( … doubtless highly subjective and trying to be open to civil / reasoned correction.
This shouldn’t be about laying blame; I’m not even that interested in the reasons for the things I describe right now, just trying to perceive truth that has perhaps been missed.)
I think there are two trends to how performance, especially though not only music, has been seen and/or presented that may be very dangerous to maintaining high-level professional performances.

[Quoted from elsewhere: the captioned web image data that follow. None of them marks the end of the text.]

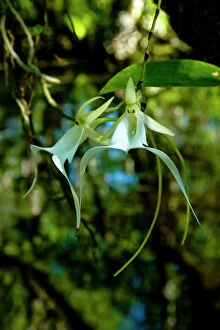 Ghost Collection: The Ghost Orchid, Dendrophylax lindenii, was made famous by Susan Orleans in her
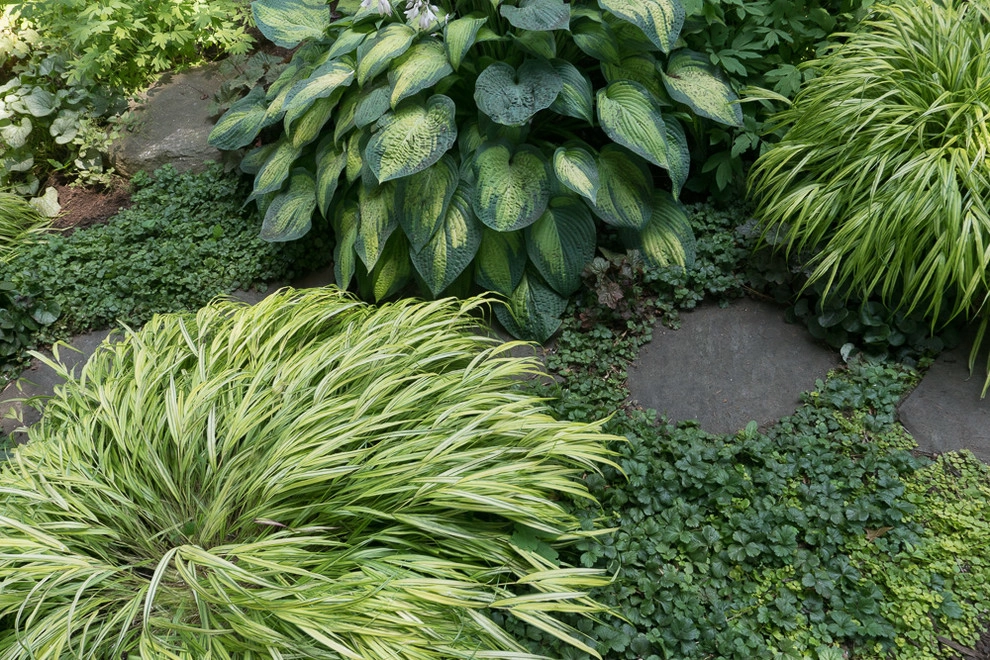 Sunny Front and Shady Back Garden Design by Terrascapes Landscape Design - Photo 6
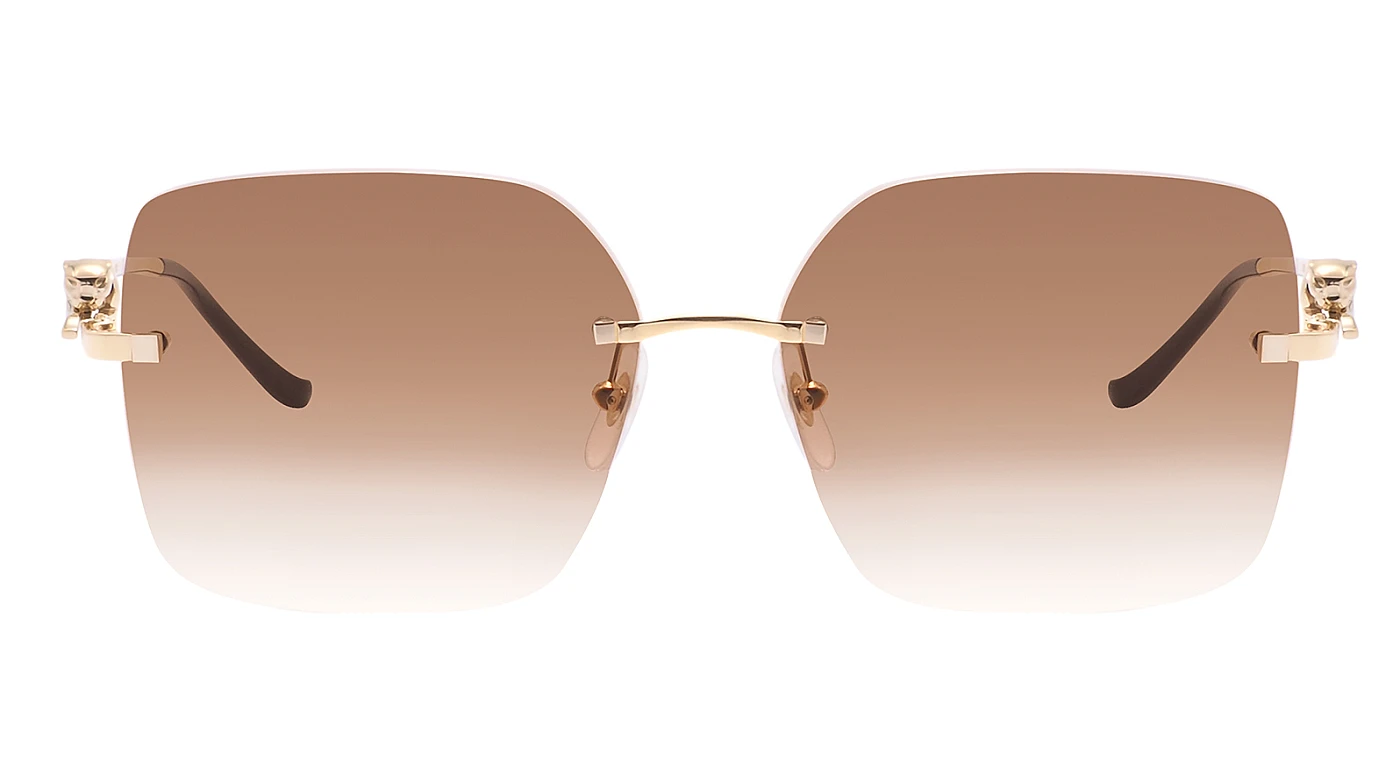 Женские солнцезащитные очки Cartier 0359S 002 фото 2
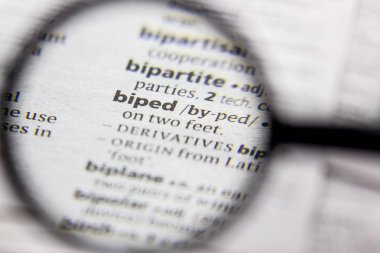 Sözcük veya ifade bir sözlükte biped.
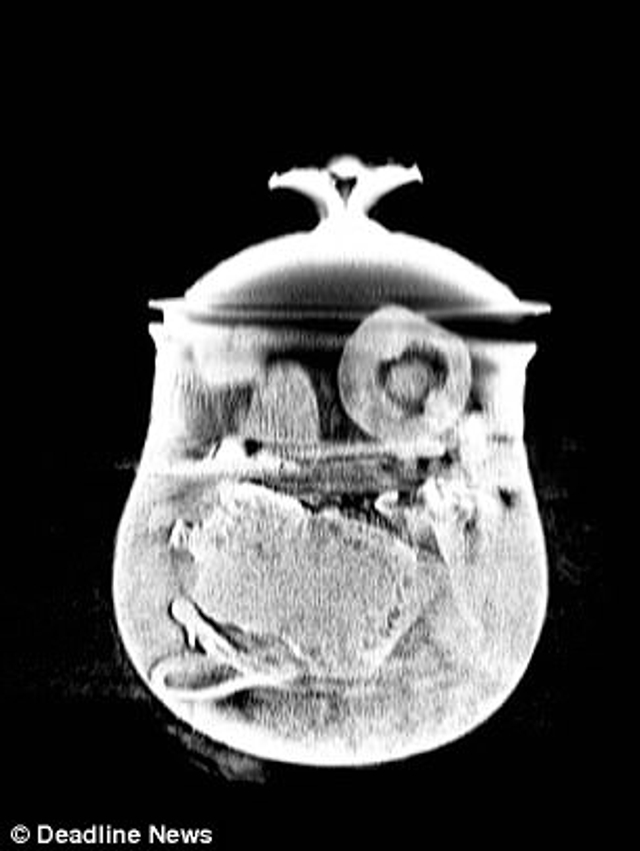 男子发现千年宝藏 上缴后补偿1759万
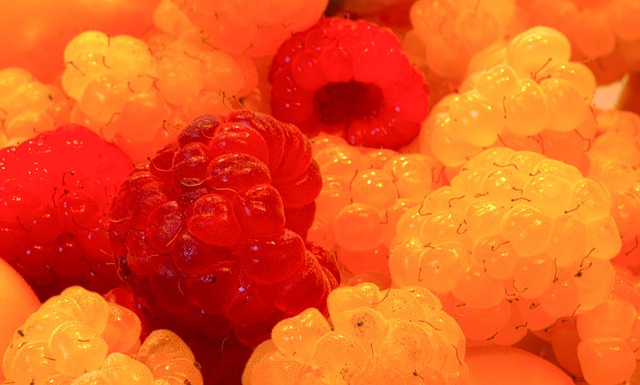 让雄鹿在竞 让雄鹿在竞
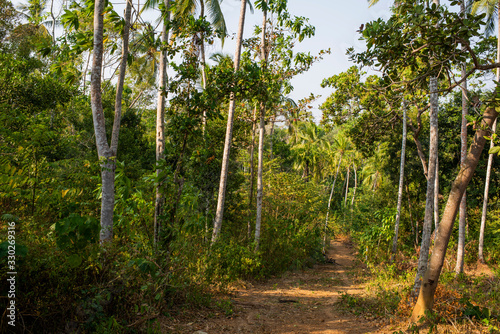 dirt road in the jungle among palm trees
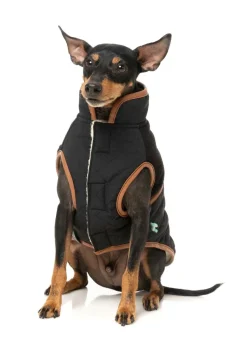 Ivanhoe Jacket - Black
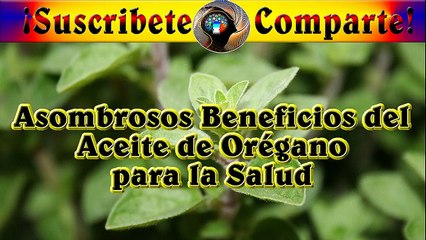 Asombrosos Beneficios del Aceite de Oregano para la Salud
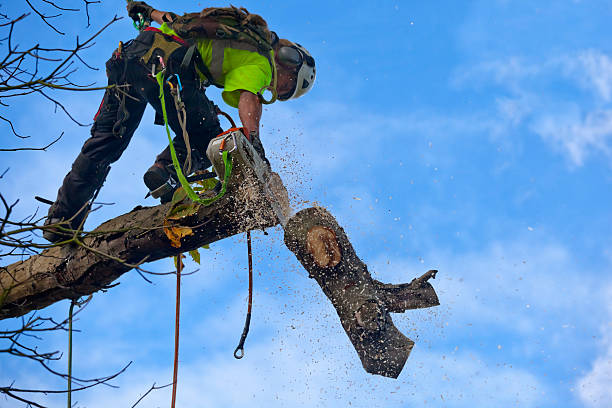 Best Lawn Pest Prevention  in Kingsbury, NV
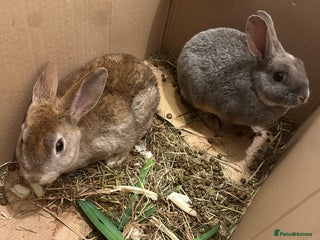 English Lop rabbits for sale: Rabbit - Advert 1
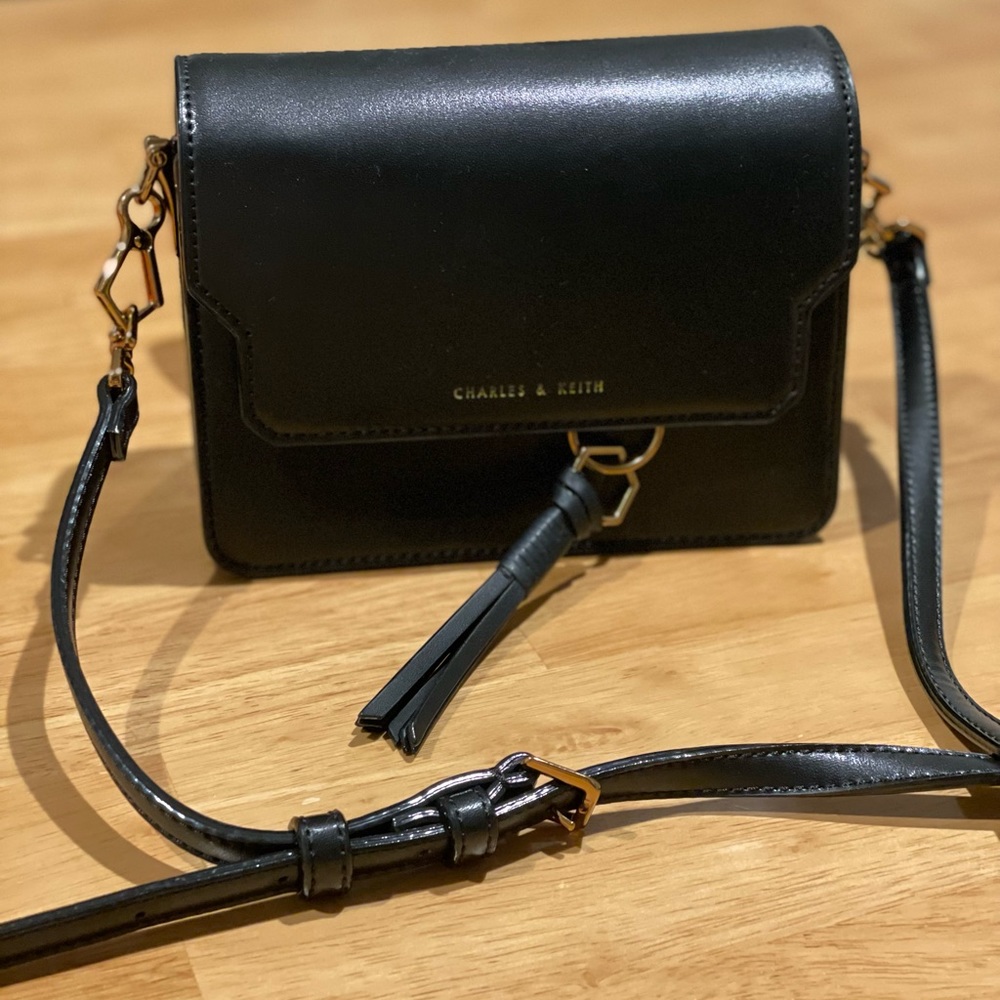 Charles & Keith mini acordian crossbody bag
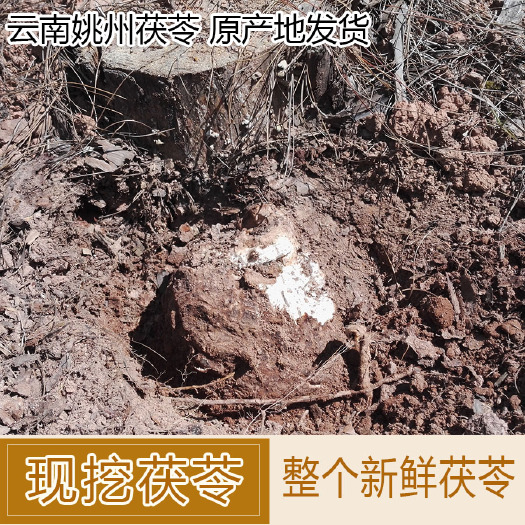 楚雄市新鲜茯苓云苓白茯苓 原产地云南姚州茯苓 湿茯苓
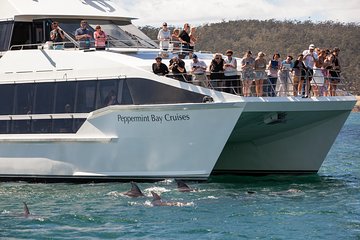 The Peppermint Bay Lunch Cruise from Hobart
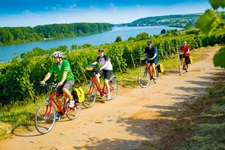 Vier Radfahrer radeln bei Nierstein am von Weinbergen gesäumten Rhein entlang.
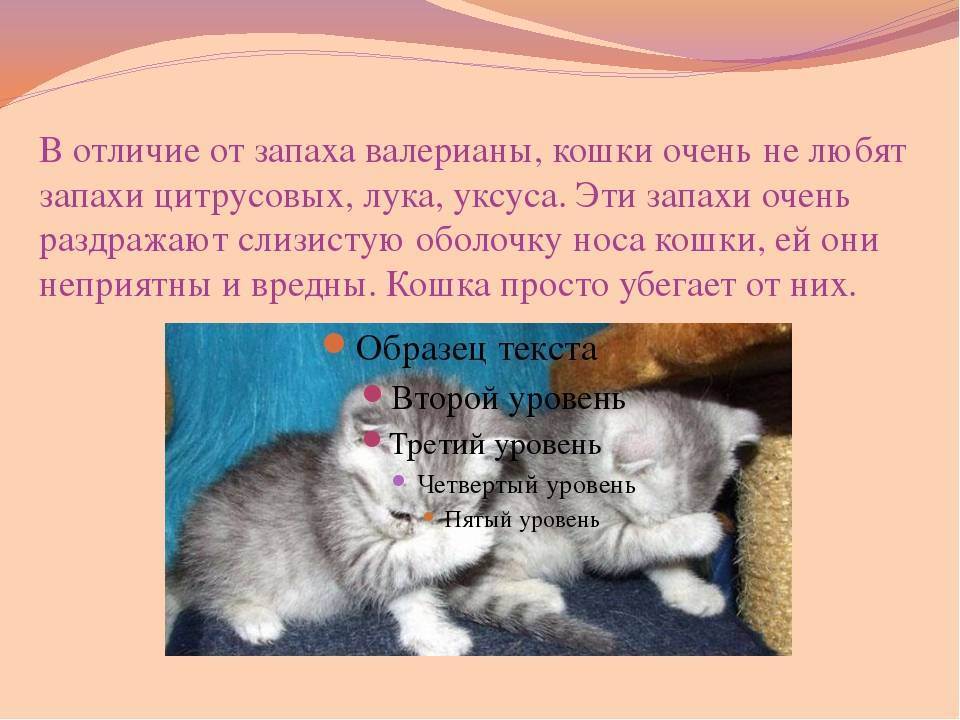 Какой любимый кот. Запах чего не любят кошки. Какие запахи любят кошки. Запах чего не любят кошки и коты. Какие ароматы не любят кошки.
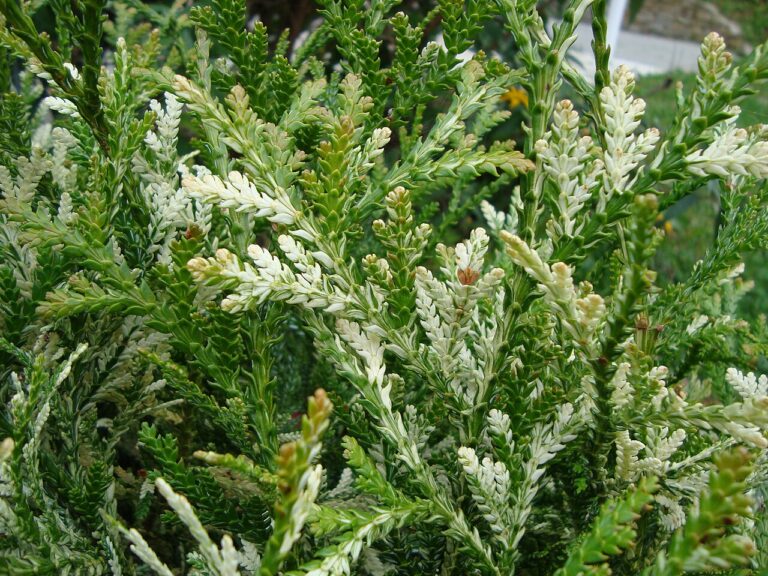 Thujopsis dolabrata "Variegata" +/-1 m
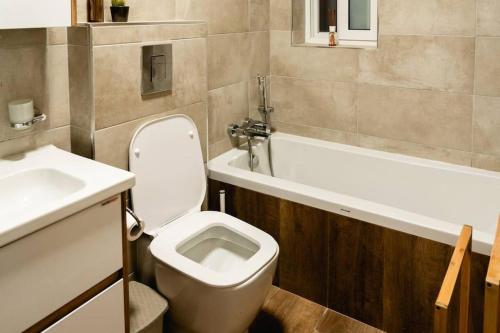a bathroom with a toilet and a sink and a bath tub at Luxurious & Stylish Penthouse with Private Pool in Msida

Firstly, from buying to tipping. In the UK at present, public indoor performances are illegal (even if a few organisations are circumventing the rules, as always happens). Performances can be broadcast or recorded for an audience not physically present, or take place outdoors. The problem is that, for different reasons, both of those contexts are hard to put behind a paywall, certainly compared to where the performance is conveniently surrounded by physical walls. Outdoor performances can be ticketed, of course, but the infrastructure to do so requires upfront investment beyond the budget of most arts organisations; so most outdoor performances currently are free to access with a hope of collecting tips/donations – they are essentially pretty much busking, unless underwritten by (usually fairly invisible) sponsorship of some kind. Arts online have been extremely difficult to sell, as opposed to ask for donations or possibly have subscription-model access, for years – and perhaps paradoxically, ‘live’ video, whether in real time or not, is more difficult to monetise even than downloadable recordings.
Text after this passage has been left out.